=== Task brief ===
Up to and including the line that holds "1.2 Ct Finest", print the data exactly from its first line; do not print the pictures.

=== Entries shown ===
****************************************
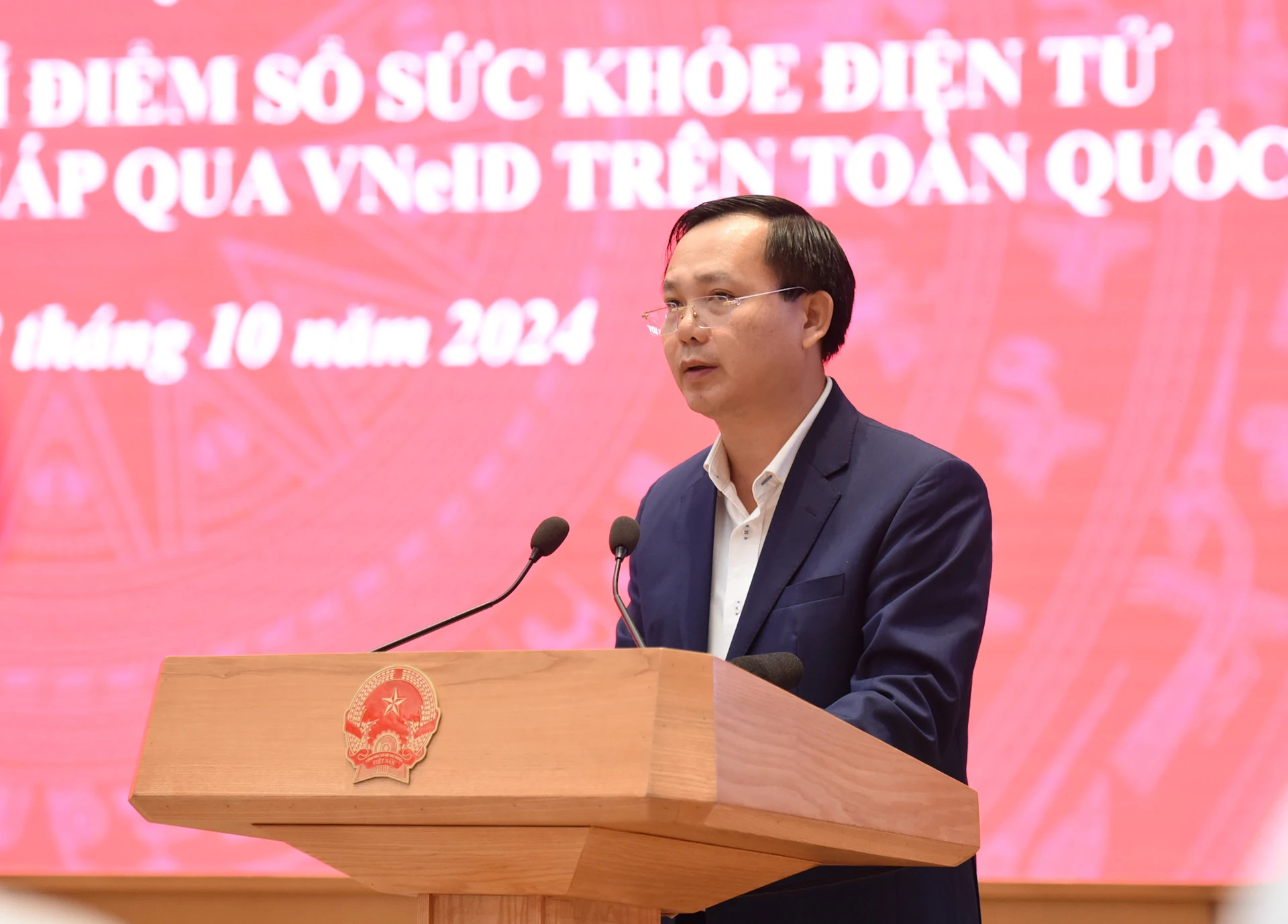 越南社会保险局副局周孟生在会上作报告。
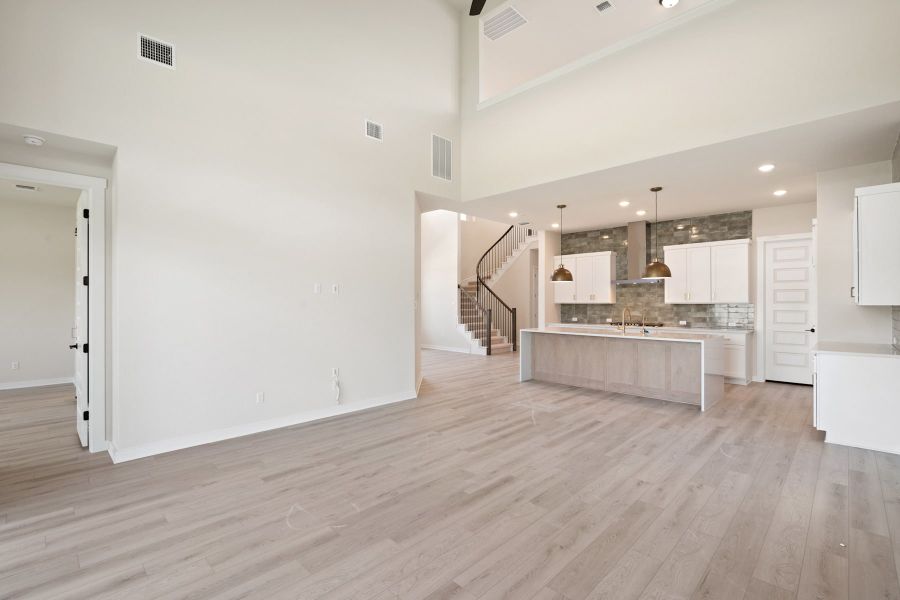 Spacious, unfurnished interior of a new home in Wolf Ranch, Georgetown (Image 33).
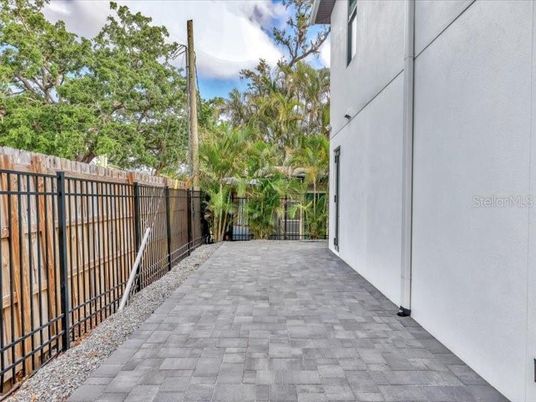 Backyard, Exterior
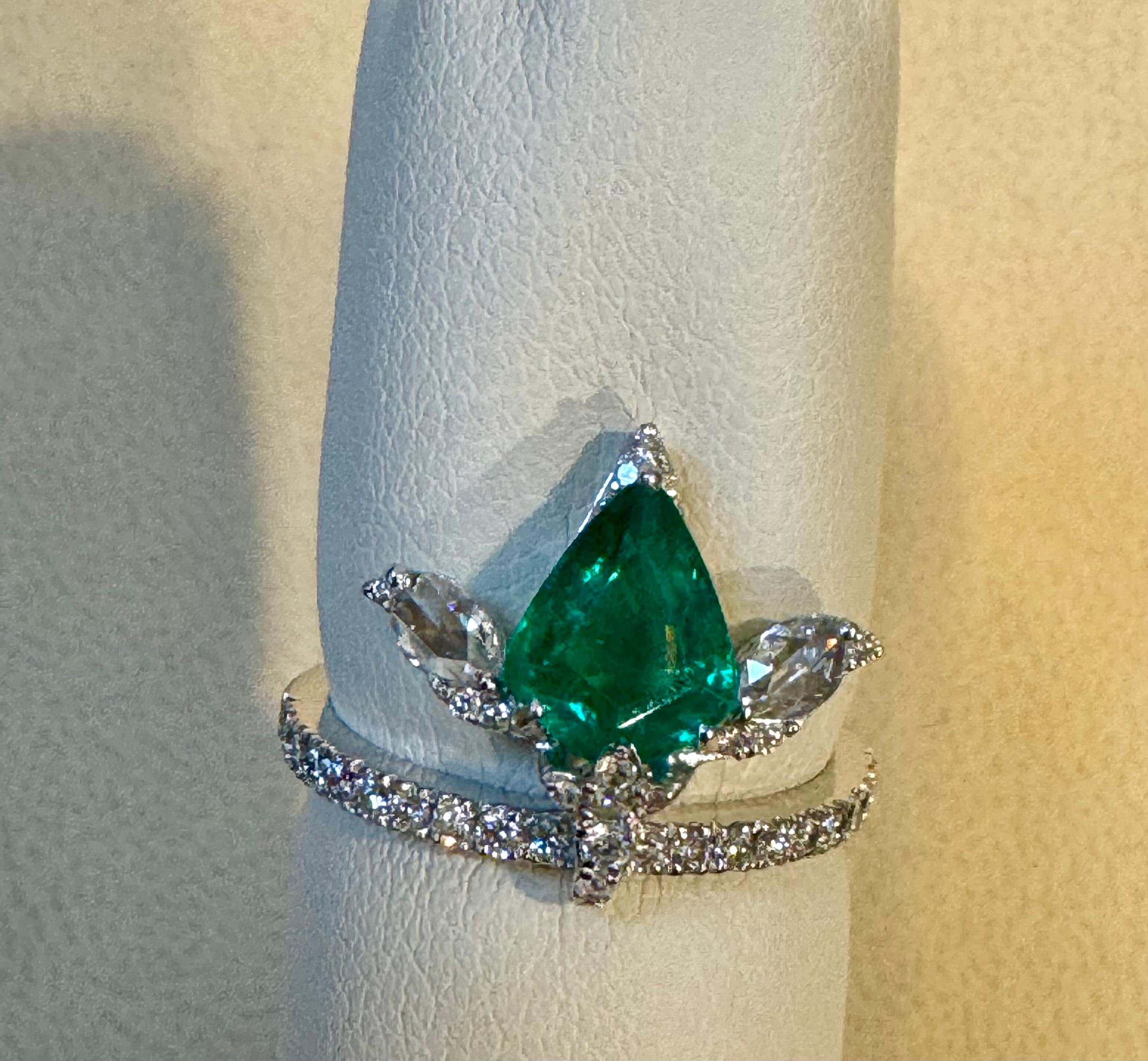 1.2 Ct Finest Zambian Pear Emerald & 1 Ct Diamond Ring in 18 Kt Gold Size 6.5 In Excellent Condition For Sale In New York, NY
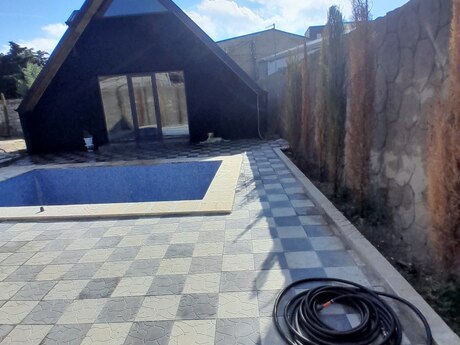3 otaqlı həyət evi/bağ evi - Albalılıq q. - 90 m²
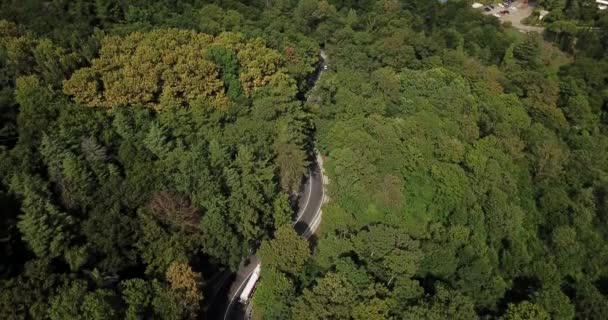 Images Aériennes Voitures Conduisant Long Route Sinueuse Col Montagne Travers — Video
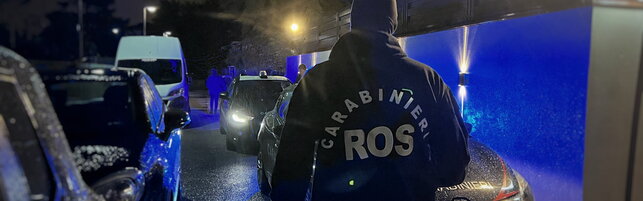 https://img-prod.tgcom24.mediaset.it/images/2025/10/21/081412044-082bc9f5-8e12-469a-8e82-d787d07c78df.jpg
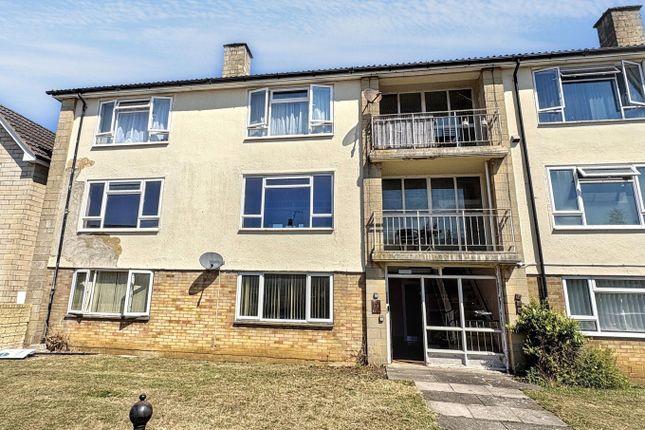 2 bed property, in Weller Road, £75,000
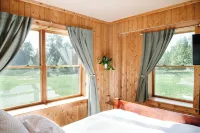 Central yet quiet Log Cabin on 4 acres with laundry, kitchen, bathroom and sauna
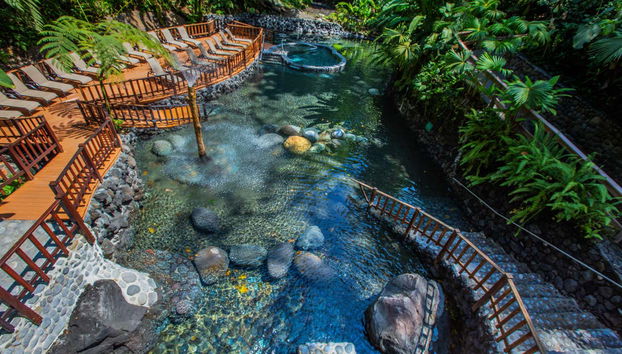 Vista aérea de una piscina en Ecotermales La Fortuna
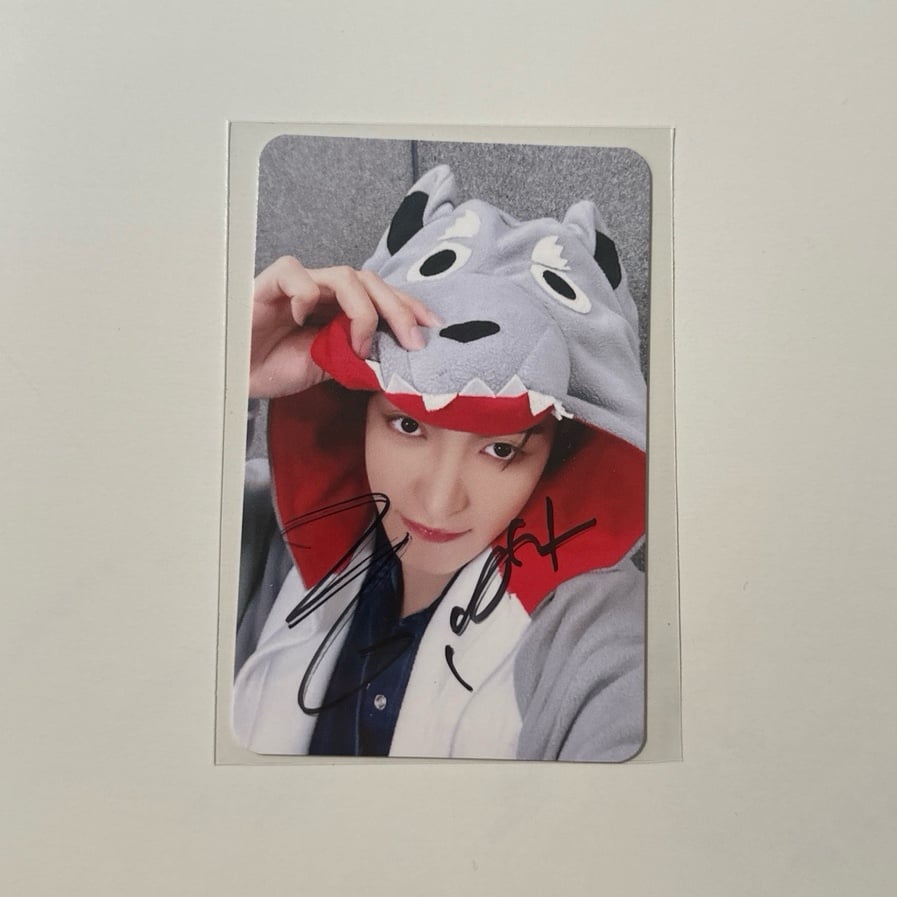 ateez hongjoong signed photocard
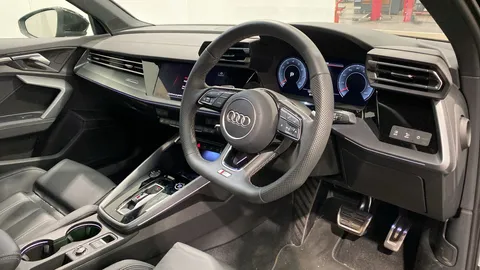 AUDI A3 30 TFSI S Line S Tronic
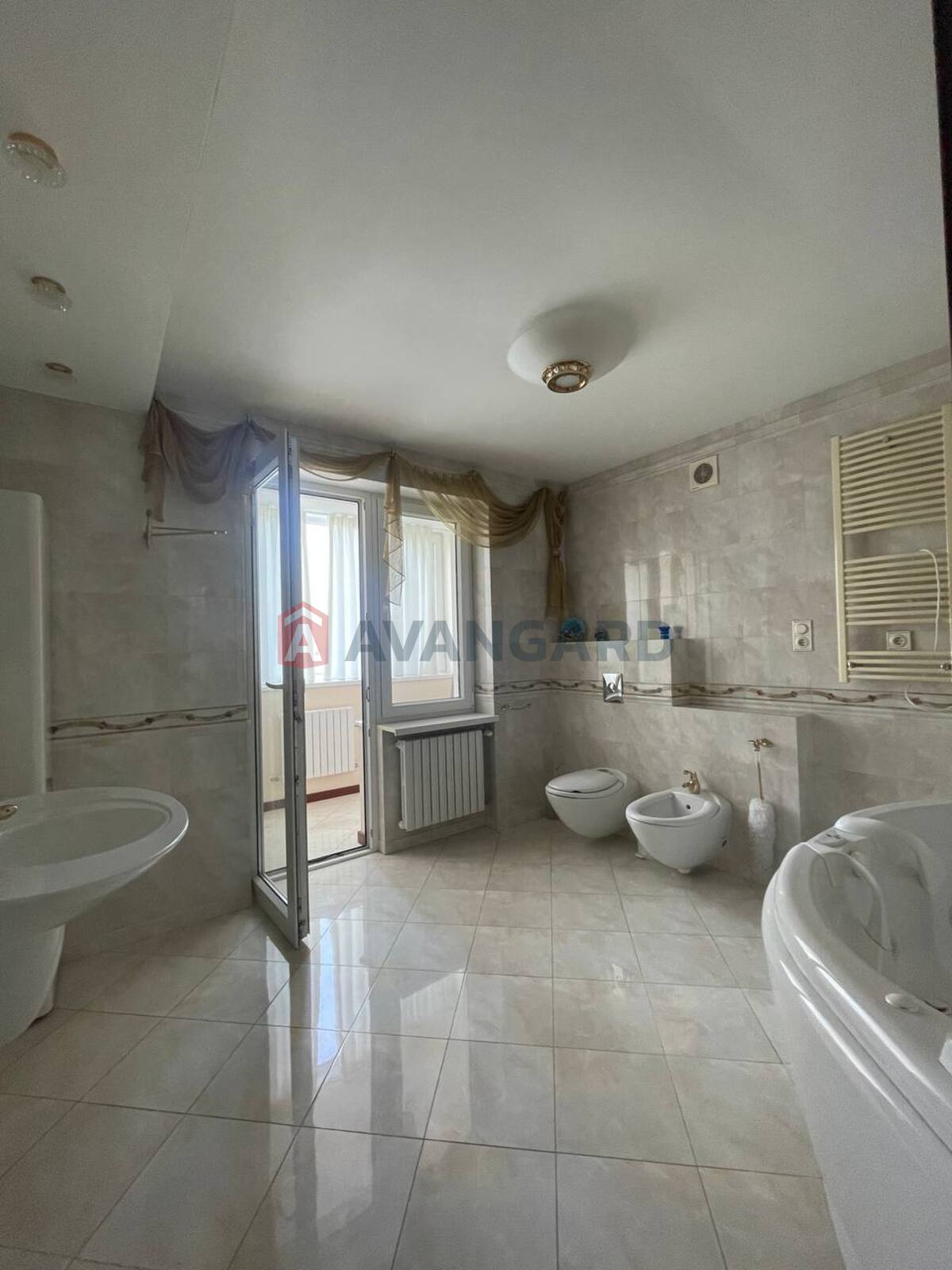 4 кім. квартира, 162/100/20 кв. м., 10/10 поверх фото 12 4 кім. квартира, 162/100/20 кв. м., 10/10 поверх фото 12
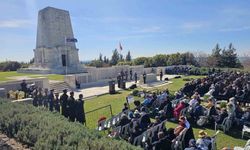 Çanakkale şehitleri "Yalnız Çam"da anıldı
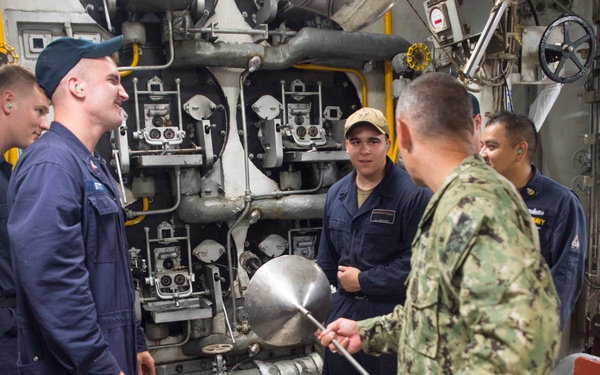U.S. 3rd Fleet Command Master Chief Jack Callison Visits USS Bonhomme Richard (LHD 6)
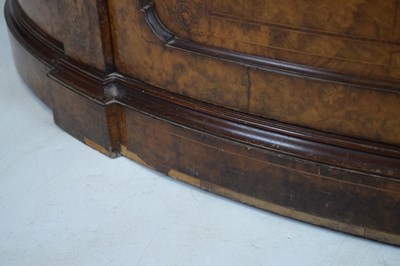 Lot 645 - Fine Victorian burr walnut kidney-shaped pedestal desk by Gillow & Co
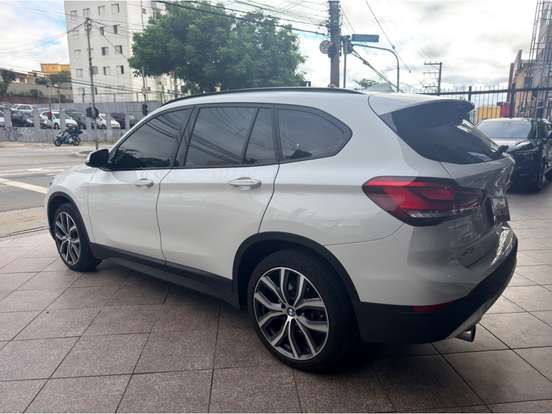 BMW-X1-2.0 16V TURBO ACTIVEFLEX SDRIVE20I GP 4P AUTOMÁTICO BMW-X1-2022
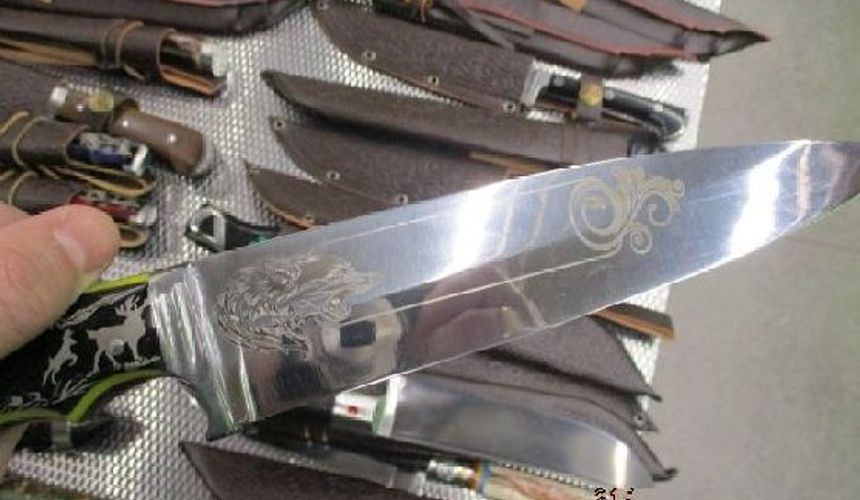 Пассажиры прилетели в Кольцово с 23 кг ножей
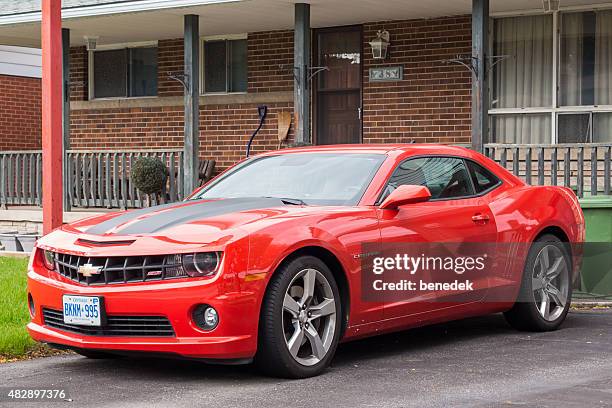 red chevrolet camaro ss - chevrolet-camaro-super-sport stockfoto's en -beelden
****************************************
=== Written reply ===
 越南社会保险局副局周孟生在会上作报告。
 Spacious, unfurnished interior of a new home in Wolf Ranch, Georgetown (Image 33).
 Backyard, Exterior
 1.2 Ct Finest Zambian Pear Emerald & 1 Ct Diamond Ring in 18 Kt Gold Size 6.5 In Excellent Condition For Sale In New York, NY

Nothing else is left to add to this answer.